The next ball after that six he did something that was borderline freakish but it wasn't the moment, not yet. Still, it's worth lingering over that shot for just a little bit. Cummins bowled a cutter, really dug into the pitch and it took off from there. It ended up not just chest-high but because Pandya had shifted across just a touch, the ball now had his right shoulder firmly in its sights. He'd be cramped here for sure and how many times have you seen just such a shot end in a little tickle to the wicketkeeper? "Cramped himself a little there Pandya, and the extra bounce from Cummins does for him… India 273-3 now, good hand," says AN Commentator.
But then - and I apologise because I don't understand what combination of brain, eye, physiology and physics whirred this into happening - and the ball was slipping off his bat, not like a cut but if you threw a cut, a dab and a glide into a hotel room and let them get it on, you might get this shot. It nearly went for six at deep point. This wasn't the shot.
So that shot. Cummins had just bowled another slower bouncer which Pandya had missed. Like all good bowlers at the death, he had to keep Pandya guessing. He chose to go with the wide yorker. Now the wide yorker is not the Superman of death bowling. It isn't invincible. It does not leap buildings in a single bound and no speedgun has ever recorded it as faster than a speeding bullet.

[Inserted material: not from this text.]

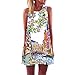 Produktbild Elecenty Damen Ärmellos Sommerkleid Minikleid Strandkleid Partykleid Rundhals Rock Mädchen Blumen Drucken Kleider Frauen Mode Kleid Kurz Hemdkleid Blusekleid Kleidung (L, Mehrfarbig A)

But it's a good ball to bowl most days to most batsmen. It gets them thinking. A reverse-lap-scoop maybe, or move to square leg and try and dupe the umpire into giving it wide. A punt, to cover or point, a single, let's move on. MS Dhoni, when he's feeling it, chooses to helicopter-shot it into oblivion but he's MS Dhoni.
WATCH on Hotstar (India only) - Pandya cuts loose
Pandya again shifted across, just before delivery, but also deeper into his crease and looked as if he might just chop down on the ball once he had intuited its length and line. And then happened that whirl which, I'm sorry again, is impossible to explain but this much is clear that by its end, the face of his bat was facing third man, the back of it mid-on and impact between bat, ball and ground all happened at once. He was crouching, looking all wrong and squeezing this impossibility into extreme possibility. And again it was speeding away for four more.
A boundary through point off a wide yorker is stuff that now happens. It is a part of our reality. Batsmen can open the face and let it glide off their bat and it's usually a fairly conventional looking stroke. But nothing about how Pandya played it looked like it had ever happened before. All at once he had deflected this wide yorker, scooped this wide yorker (but not in the air at all), glided this wide yorker, guided this wide yorker, maybe even square- driven this wide yorker. It's worth repeating that his bat face was to third man and by its end, his hands were holding the handle all wrong and yet the ball was whizzing to the right of backward point and not to the left, between that man and short third man. The field was wrong sure, but the shot was wrong too and all of it was so, so right.
This is not doing any justice to it really. Watch it again if you can, wherever you can: 45.3, slow it down, pause it and watch it. There may well have been moments earlier in his career that made his freak obvious to you and maybe this was a freak shot, but it feels right to think of it as the shot of a freak.